* [Given material]:
[Start of section]

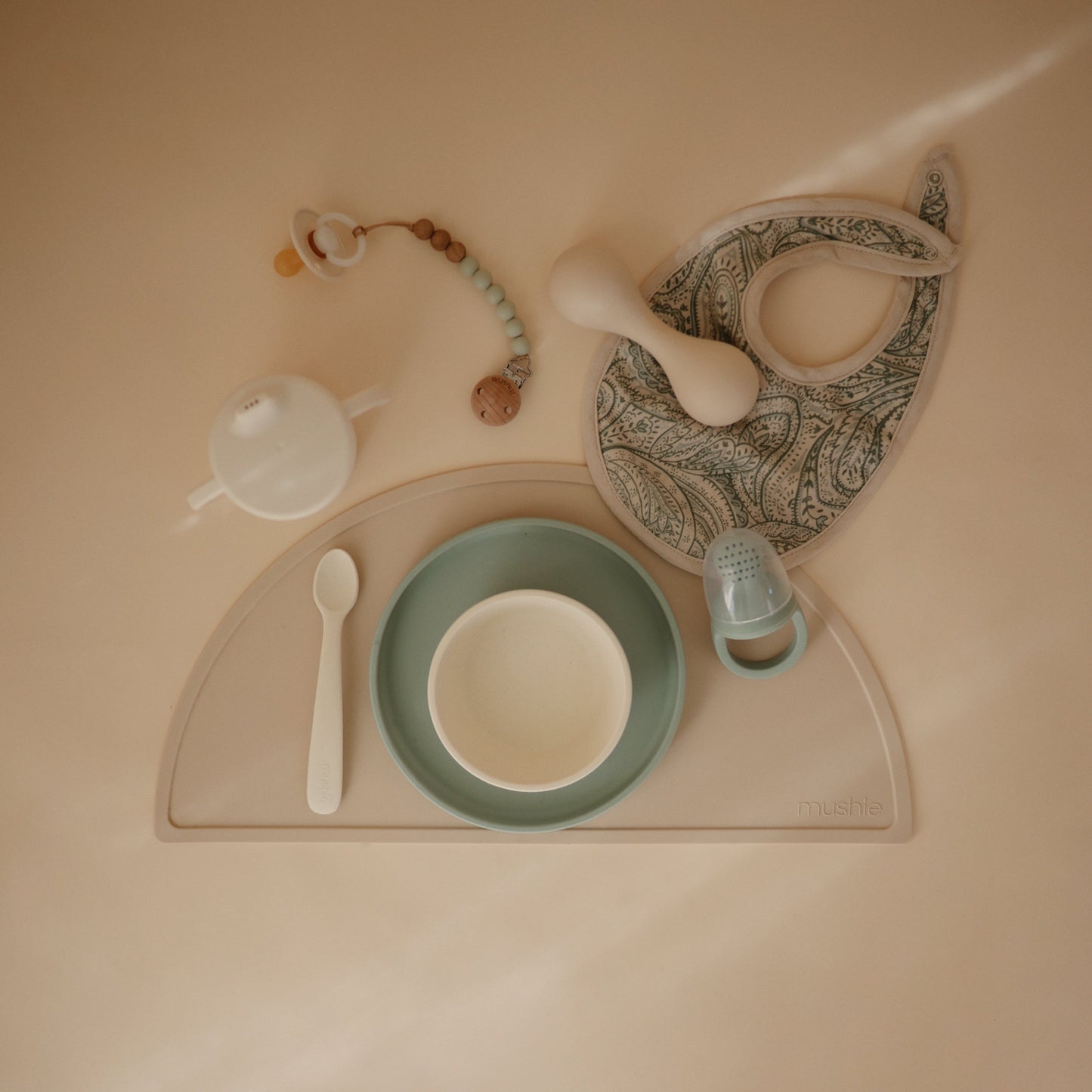 Mushie Silicone Placemat – Easy Clean
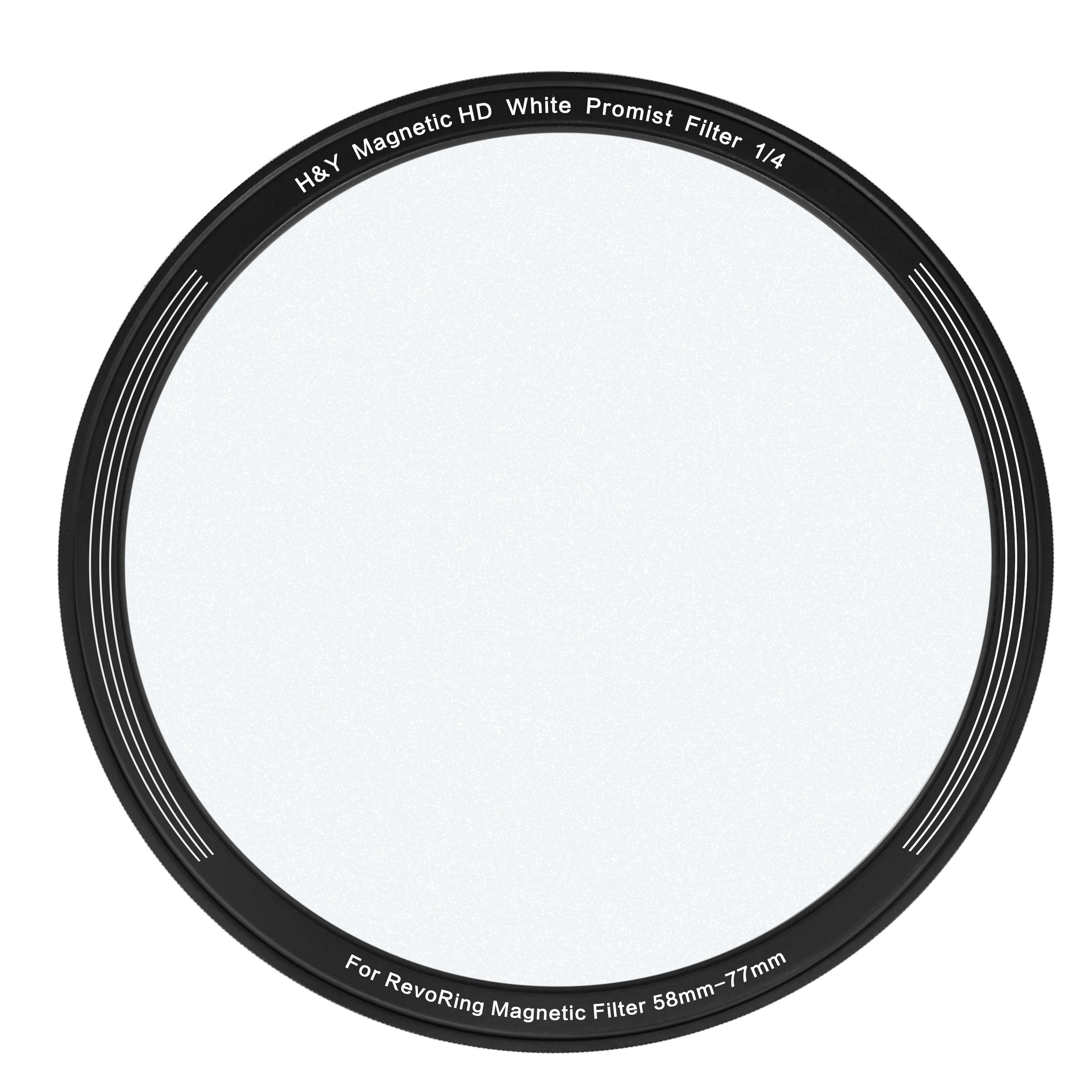 H&Y Filtri filtro White Promist 1/8 Clip on magentico per Revoring VND&CPL 67-82mm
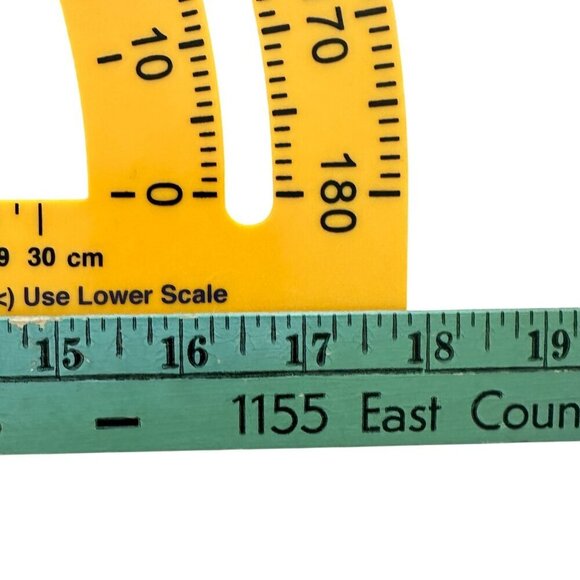 Learning Resources Safe T Protractor Triangle Big Ruler Geometry Tool Homeschool - Picture 11 of 15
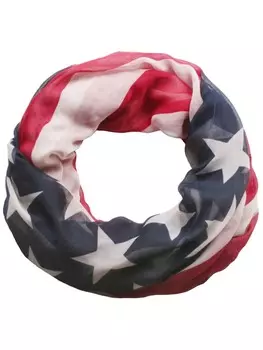 Шарф styleBREAKER, цвет blau/wei/rot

[End of section]

* [Your task]:
Could you retype every line above exactly as it appears, skipping the pictures?

* [Reply]:
 Mushie Silicone Placemat – Easy Clean
 H&Y Filtri filtro White Promist 1/8 Clip on magentico per Revoring VND&CPL 67-82mm
 Learning Resources Safe T Protractor Triangle Big Ruler Geometry Tool Homeschool - Picture 11 of 15
 Шарф styleBREAKER, цвет blau/wei/rot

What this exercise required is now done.